Obwohl der Dieselskandal nun schon seit Jahren in aller Munde ist, ist eine gerichtliche Aufarbeitung noch immer nicht abgeschlossen. Am 21.03.2023 fällte der EuGH nun sein nächstes lang erwartetes Urteil im Zusammenhang mit dem Abgasskandal.

Zum aktuellen EuGH-Urteil - 21.03.2023

Der EuGH hat in seinem Urteil vom 21.03.2023 verbraucherfreundlich entschieden:

Art. 18 Abs. 1, Art. 26 Abs. 1 und Art. 46 der Richtlinie 2007/46 in Verbindung mit Art. 5 Abs. 2 der Verordnung Nr. 715/2007 haben auch die Zielrichtung, die Interessen individueller Erwerber von Kraftfahrzeugen zu schützen.

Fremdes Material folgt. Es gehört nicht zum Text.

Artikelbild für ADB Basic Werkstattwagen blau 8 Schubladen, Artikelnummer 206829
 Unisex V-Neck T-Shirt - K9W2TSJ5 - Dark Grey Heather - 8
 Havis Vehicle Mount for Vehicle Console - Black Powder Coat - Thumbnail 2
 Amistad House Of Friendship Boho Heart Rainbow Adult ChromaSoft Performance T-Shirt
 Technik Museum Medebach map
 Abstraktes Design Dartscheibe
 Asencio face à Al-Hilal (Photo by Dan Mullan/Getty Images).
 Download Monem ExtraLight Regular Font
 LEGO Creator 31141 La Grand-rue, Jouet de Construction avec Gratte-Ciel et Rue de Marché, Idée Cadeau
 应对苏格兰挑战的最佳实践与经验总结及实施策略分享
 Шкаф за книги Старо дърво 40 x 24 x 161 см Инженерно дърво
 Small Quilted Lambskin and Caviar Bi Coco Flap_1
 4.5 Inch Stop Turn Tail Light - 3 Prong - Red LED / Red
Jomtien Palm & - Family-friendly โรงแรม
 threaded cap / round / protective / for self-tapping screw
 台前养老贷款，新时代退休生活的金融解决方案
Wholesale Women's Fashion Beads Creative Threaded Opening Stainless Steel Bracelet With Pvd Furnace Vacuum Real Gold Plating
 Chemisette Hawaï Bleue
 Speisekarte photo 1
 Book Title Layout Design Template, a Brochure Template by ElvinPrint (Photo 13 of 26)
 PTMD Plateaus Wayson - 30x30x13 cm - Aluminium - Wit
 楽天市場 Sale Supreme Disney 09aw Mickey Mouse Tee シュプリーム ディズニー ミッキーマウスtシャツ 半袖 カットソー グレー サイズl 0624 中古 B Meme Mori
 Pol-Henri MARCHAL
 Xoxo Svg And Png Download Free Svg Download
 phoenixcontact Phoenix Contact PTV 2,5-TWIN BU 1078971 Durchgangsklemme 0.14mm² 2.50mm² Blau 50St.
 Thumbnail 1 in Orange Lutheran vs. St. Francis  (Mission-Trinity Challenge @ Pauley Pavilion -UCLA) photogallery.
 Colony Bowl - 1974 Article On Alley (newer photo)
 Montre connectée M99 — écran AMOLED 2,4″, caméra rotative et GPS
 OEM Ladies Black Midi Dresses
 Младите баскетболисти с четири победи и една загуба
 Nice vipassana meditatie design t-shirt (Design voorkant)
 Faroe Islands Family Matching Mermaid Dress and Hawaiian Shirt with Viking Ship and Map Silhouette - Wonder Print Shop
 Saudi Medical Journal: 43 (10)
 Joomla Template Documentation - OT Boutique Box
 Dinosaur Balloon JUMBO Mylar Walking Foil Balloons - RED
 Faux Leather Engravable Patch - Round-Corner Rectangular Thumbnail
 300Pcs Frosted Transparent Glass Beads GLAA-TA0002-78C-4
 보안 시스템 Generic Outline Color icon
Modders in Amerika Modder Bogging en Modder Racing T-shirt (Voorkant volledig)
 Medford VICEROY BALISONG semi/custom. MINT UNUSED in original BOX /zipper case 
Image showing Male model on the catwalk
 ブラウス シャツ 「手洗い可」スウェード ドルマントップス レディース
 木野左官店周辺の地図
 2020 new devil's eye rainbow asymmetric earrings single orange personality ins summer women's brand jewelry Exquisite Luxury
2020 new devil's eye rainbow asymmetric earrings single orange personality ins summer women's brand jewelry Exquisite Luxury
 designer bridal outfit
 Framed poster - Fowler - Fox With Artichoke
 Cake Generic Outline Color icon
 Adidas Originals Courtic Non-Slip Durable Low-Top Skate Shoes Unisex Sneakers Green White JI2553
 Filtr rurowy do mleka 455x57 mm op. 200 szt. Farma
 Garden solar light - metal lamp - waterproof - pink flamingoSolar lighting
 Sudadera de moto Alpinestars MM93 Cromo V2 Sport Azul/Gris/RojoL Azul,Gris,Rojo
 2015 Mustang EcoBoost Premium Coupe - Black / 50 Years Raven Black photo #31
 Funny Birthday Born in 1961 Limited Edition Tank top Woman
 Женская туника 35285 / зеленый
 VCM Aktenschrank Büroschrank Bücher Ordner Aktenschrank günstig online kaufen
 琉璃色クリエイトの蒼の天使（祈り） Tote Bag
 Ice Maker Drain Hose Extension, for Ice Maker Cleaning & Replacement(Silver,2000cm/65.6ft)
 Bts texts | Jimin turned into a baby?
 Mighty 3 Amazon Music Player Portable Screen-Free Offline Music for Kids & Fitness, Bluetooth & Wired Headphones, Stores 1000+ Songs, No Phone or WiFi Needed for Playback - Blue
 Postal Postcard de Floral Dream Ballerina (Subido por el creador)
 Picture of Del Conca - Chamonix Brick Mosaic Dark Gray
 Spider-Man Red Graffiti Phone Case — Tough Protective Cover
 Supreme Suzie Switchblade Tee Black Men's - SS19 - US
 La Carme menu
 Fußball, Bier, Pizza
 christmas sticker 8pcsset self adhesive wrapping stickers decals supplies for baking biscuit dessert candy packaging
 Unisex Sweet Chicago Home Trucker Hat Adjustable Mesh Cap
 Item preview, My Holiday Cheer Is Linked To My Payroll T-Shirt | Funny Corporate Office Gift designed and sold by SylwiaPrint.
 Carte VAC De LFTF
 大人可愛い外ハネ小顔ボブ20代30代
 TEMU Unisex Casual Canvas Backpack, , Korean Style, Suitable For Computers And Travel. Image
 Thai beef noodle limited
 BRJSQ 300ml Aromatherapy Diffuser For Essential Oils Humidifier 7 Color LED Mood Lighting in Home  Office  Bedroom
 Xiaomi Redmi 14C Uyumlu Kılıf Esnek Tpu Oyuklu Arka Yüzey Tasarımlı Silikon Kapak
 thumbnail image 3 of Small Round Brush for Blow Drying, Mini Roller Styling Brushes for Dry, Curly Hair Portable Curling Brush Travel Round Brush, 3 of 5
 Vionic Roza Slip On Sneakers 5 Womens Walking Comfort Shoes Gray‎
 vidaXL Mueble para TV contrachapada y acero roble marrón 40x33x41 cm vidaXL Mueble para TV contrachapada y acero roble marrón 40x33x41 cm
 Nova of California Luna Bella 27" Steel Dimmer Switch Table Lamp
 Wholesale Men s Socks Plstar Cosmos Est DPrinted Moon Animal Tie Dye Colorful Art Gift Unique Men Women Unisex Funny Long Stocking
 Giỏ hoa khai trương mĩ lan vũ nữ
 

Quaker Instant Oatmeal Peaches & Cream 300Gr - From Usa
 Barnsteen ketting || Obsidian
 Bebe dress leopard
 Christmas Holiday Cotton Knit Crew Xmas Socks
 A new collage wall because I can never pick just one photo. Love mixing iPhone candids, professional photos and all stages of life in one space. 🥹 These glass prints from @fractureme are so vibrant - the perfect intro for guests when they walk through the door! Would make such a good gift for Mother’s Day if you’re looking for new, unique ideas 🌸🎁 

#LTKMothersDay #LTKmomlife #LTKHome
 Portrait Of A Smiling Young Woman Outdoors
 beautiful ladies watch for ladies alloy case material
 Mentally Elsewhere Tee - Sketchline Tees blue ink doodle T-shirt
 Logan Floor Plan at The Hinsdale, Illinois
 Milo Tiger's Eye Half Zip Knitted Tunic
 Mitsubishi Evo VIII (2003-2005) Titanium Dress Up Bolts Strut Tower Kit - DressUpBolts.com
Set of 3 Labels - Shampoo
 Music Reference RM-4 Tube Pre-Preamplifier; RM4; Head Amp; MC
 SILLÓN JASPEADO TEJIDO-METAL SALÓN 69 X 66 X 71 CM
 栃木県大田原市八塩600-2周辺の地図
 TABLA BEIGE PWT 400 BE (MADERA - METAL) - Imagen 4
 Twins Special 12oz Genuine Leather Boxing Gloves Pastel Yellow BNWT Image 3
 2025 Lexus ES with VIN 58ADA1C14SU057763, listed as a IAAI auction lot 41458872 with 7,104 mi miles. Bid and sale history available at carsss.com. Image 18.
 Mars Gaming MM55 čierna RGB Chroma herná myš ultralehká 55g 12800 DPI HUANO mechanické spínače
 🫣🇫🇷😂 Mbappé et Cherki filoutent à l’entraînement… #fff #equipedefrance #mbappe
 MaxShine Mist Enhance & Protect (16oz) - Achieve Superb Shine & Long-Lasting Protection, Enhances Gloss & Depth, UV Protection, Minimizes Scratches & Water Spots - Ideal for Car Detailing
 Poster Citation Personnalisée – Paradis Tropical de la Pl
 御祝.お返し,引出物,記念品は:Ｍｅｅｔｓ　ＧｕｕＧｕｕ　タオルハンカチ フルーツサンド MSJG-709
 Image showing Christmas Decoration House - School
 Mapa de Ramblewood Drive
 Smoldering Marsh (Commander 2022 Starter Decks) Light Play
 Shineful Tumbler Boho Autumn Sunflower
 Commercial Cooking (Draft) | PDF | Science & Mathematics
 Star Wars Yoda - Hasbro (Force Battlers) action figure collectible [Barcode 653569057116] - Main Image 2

Die Art. 18 Abs. 1, 26 Abs. 1, 46 der Richtlinie schützen somit die Interessen von Einzelpersonen. Insbesondere wird das Interesse des Käufers geschützt, ein Fahrzeug, welches eine unzulässige Abschalteinrichtung gem. Art. 5 Abs. 2 der VO (EG) Nr. 715/2007 enthält, nicht zu erwerben. Somit sind die Mitgliedstaaten sozusagen dazu verpflichtet sicherzustellen, dass der Erwerber eines solchen Fahrzeuges einen Anspruch auf Schadensersatz gegenüber dem Hersteller hat, insofern das Fahrzeug mit einer unzulässigen Abschalteinrichtung ausgestattet ist.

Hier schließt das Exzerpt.